══ Excerpted records

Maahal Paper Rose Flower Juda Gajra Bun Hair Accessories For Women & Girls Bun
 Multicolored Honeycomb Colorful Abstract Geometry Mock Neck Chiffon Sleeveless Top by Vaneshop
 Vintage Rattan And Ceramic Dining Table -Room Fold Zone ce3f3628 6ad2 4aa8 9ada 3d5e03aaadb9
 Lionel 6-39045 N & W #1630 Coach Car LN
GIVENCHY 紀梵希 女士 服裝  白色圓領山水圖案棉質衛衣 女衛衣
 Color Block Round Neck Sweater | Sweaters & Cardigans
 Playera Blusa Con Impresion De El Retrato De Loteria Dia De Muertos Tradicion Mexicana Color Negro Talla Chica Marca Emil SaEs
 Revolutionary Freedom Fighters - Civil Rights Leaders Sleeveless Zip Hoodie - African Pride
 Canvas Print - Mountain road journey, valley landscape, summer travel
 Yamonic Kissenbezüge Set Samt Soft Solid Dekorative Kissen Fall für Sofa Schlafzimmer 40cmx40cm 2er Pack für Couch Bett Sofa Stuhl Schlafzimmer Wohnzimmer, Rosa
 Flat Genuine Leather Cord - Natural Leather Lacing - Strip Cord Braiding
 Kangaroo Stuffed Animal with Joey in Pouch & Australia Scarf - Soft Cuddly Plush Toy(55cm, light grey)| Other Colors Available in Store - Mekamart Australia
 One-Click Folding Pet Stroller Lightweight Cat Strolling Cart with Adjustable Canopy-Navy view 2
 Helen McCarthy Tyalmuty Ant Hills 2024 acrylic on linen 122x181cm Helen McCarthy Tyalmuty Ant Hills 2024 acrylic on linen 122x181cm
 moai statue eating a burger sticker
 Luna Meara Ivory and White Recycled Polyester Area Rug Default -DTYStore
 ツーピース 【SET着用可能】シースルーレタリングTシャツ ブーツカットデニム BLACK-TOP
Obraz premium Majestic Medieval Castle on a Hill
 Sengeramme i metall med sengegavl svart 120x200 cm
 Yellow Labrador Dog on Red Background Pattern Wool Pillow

════

Show every line above in which the word "Sleeveless" is found.

 Multicolored Honeycomb Colorful Abstract Geometry Mock Neck Chiffon Sleeveless Top by Vaneshop
 Revolutionary Freedom Fighters - Civil Rights Leaders Sleeveless Zip Hoodie - African Pride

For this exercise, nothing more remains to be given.